• _WHAT YOU HAVE TO DO_:
In the data below, restate exactly the lines from the one with "The Barn Door on the Bathroom" to the final line, both included, but not the pictures.

***** EXTRACTED RECORDS *****

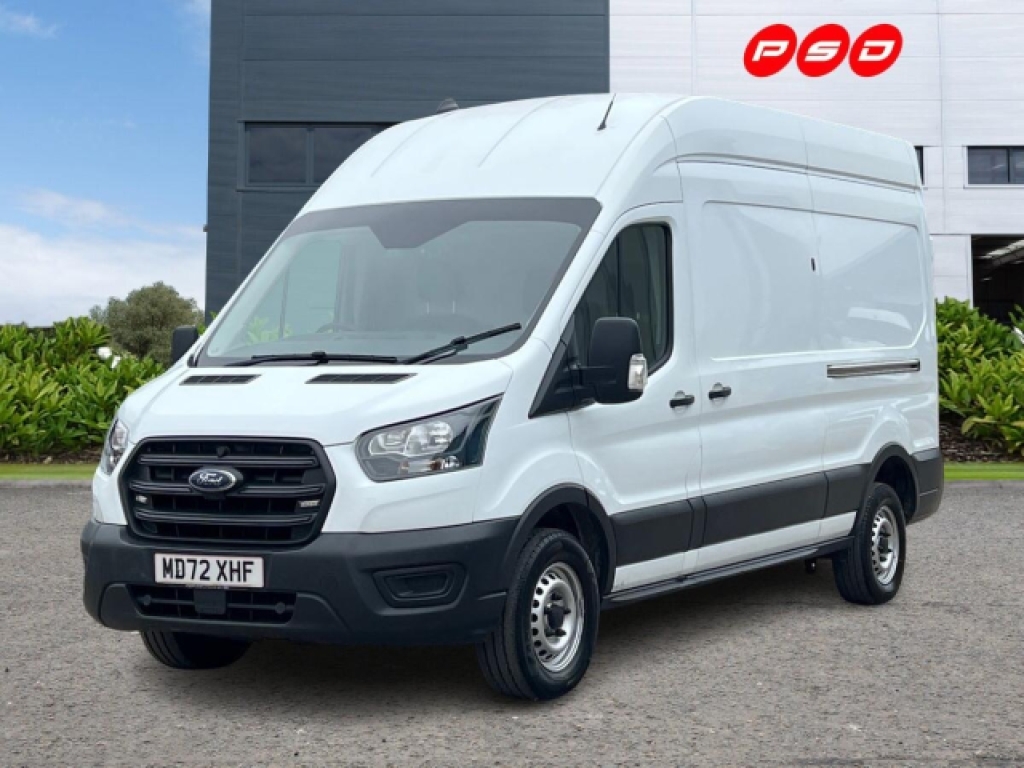 Ford Transit Custom 2.0 350 Ecoblue Leader Panel Van White #3
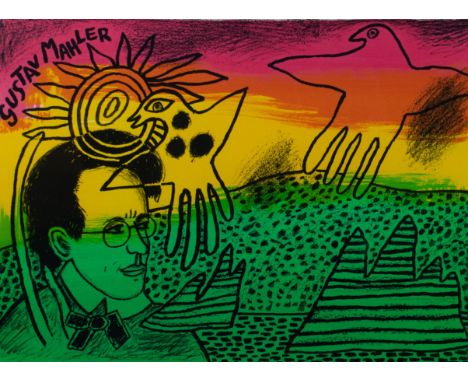 Corneille (1922-2010) Gustave Mahler. Lithograph 16/60. Signed and dated 2002 Gustave Mahler. Lithografie 16/60, gesigneerd e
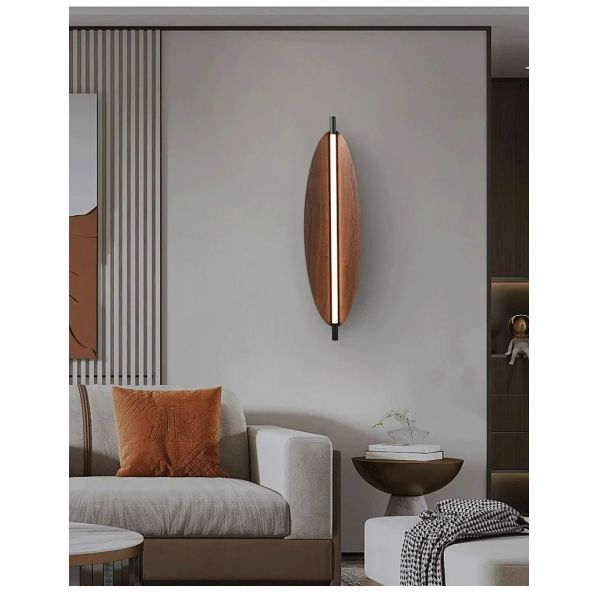 Bedside Stairway Corridor LED Light Long Strip Japanese Wood Grain wall lamp (WH-VR-137)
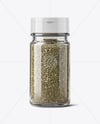 Glass Jar with Herbes de Provence Mockup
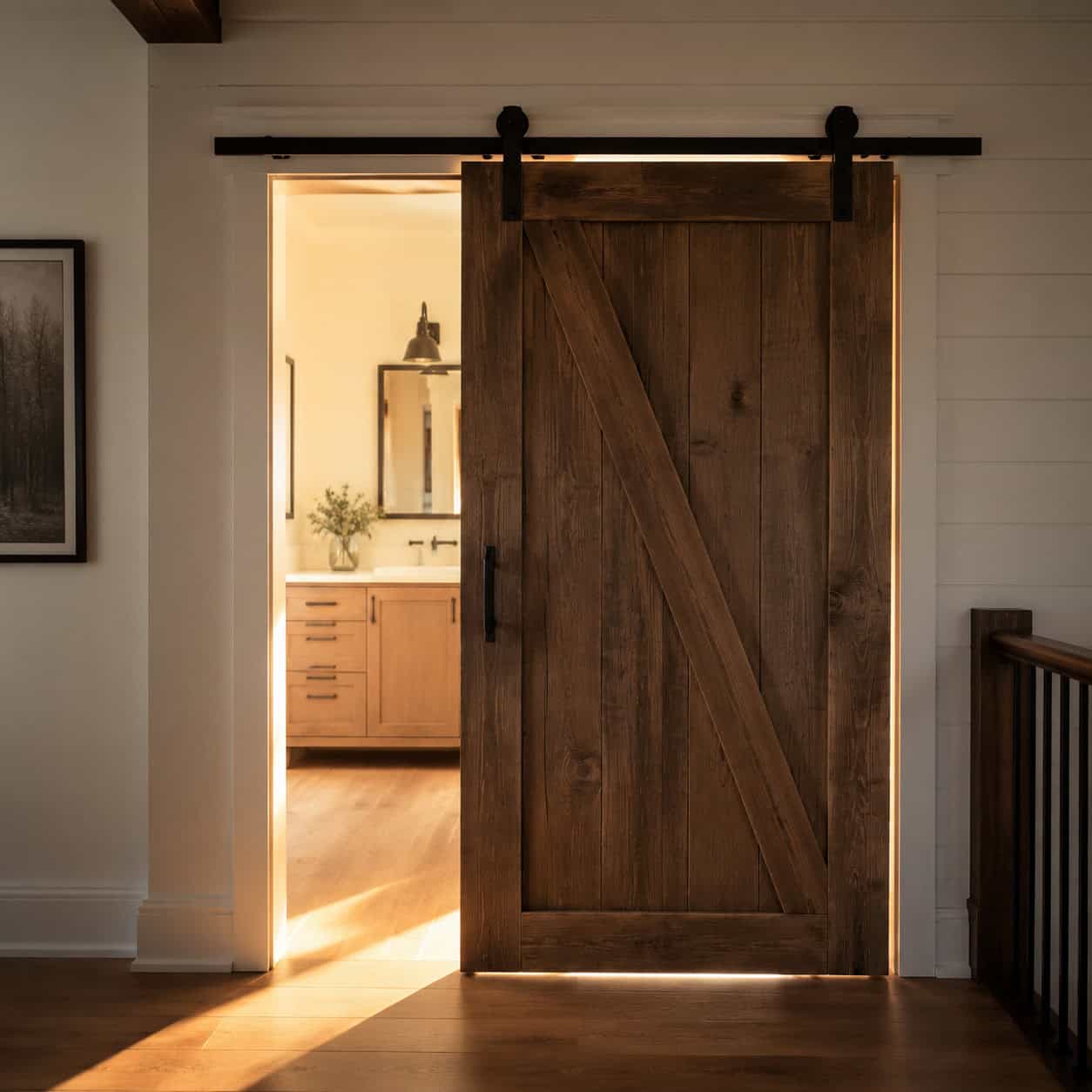 The Barn Door on the Bathroom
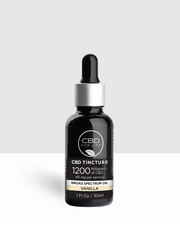 Broad Spectrum Vanilla CBD Oil Tincture 1200mg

*****

• _RESPONSE TO THIS TASK_:
 The Barn Door on the Bathroom
 Broad Spectrum Vanilla CBD Oil Tincture 1200mg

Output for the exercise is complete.